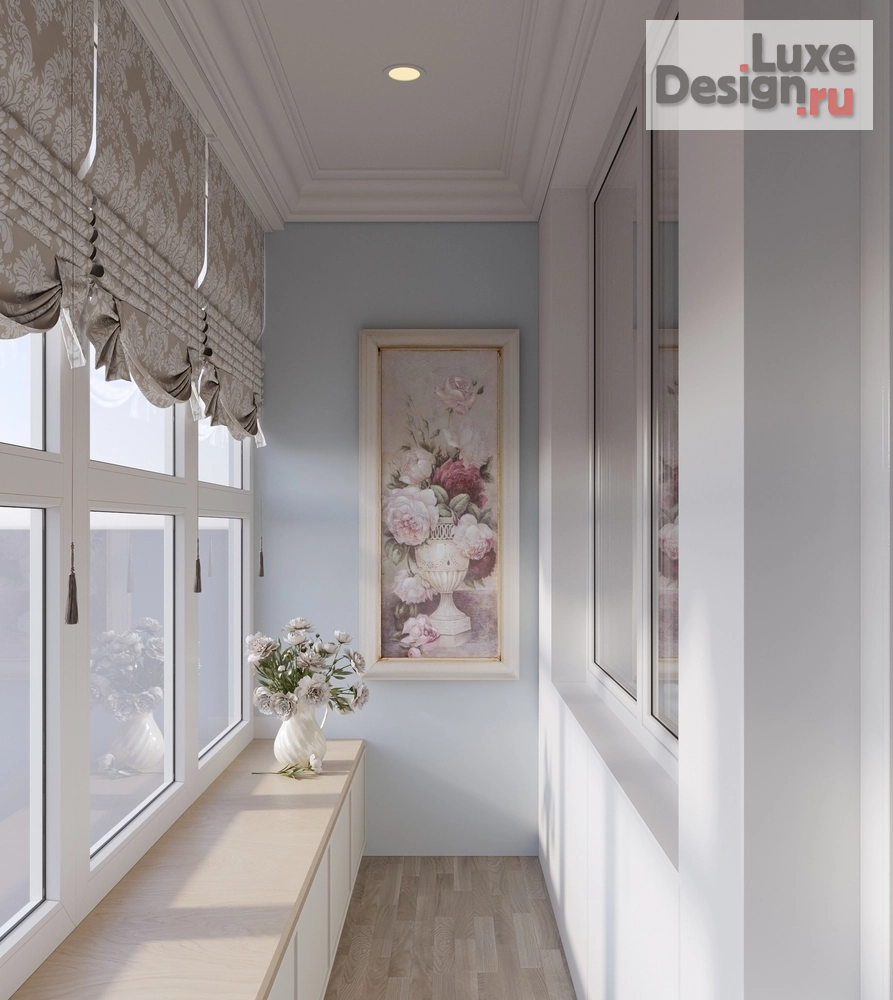 Дизайн интерьера однокомнатной квартиры "Современная неоклассика" (фото 7)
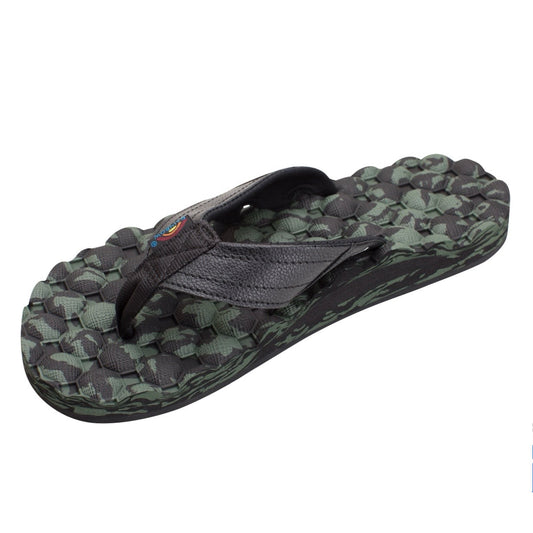 HOLO HOLO GERRY LOPEZ DYNAMIC DENSITY RUBBER SIGNATURE SANDAL - Rainbow Black/Green Camo MENS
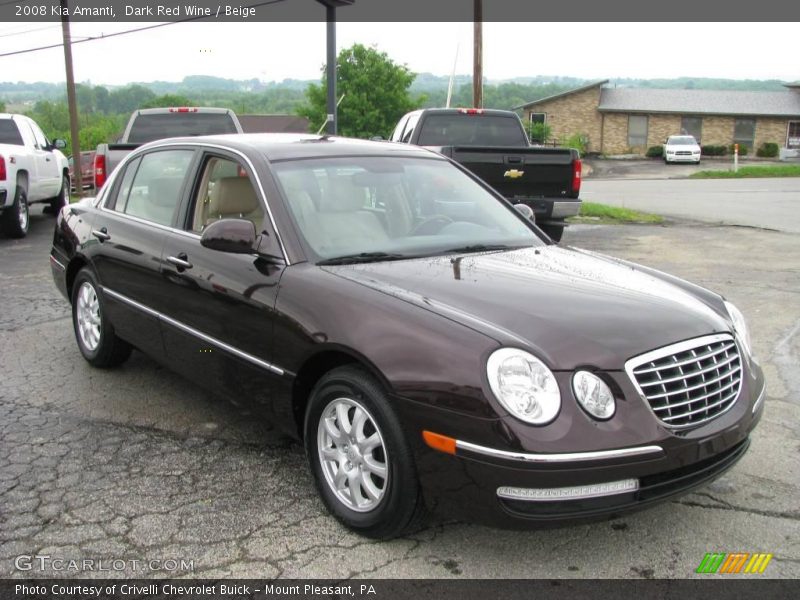 Dark Red Wine / Beige 2008 Kia Amanti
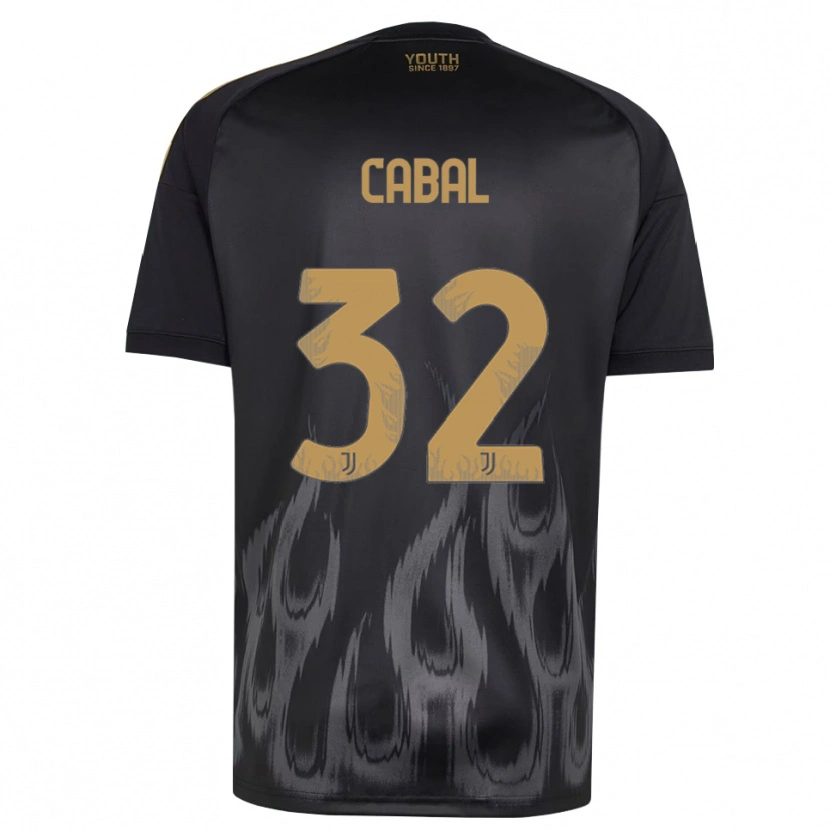 Danxen Dame Juan Cabal #32 Svart Brun Tredje Sett Drakt Trøye 2026/27 Skjorter T-Skjorte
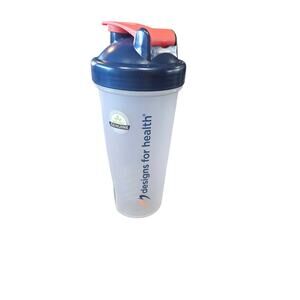 Designs for Health Shaker Blender Bottle 24 oz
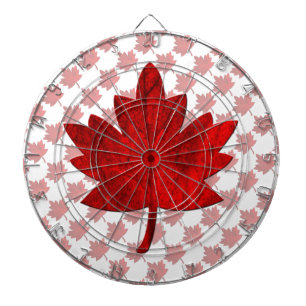 Canada-Maple Leaf by Shirley Taylor Dartscheibe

WHAT THIS TASK INVOLVES – Pictures are to be left out; the rest of the listing should be printed exactly.

SOLUTION FOR THIS EXERCISE –
 Дизайн интерьера однокомнатной квартиры "Современная неоклассика" (фото 7)
 HOLO HOLO GERRY LOPEZ DYNAMIC DENSITY RUBBER SIGNATURE SANDAL - Rainbow Black/Green Camo MENS
 Dark Red Wine / Beige 2008 Kia Amanti
 Danxen Dame Juan Cabal #32 Svart Brun Tredje Sett Drakt Trøye 2026/27 Skjorter T-Skjorte
 Designs for Health Shaker Blender Bottle 24 oz
 Canada-Maple Leaf by Shirley Taylor Dartscheibe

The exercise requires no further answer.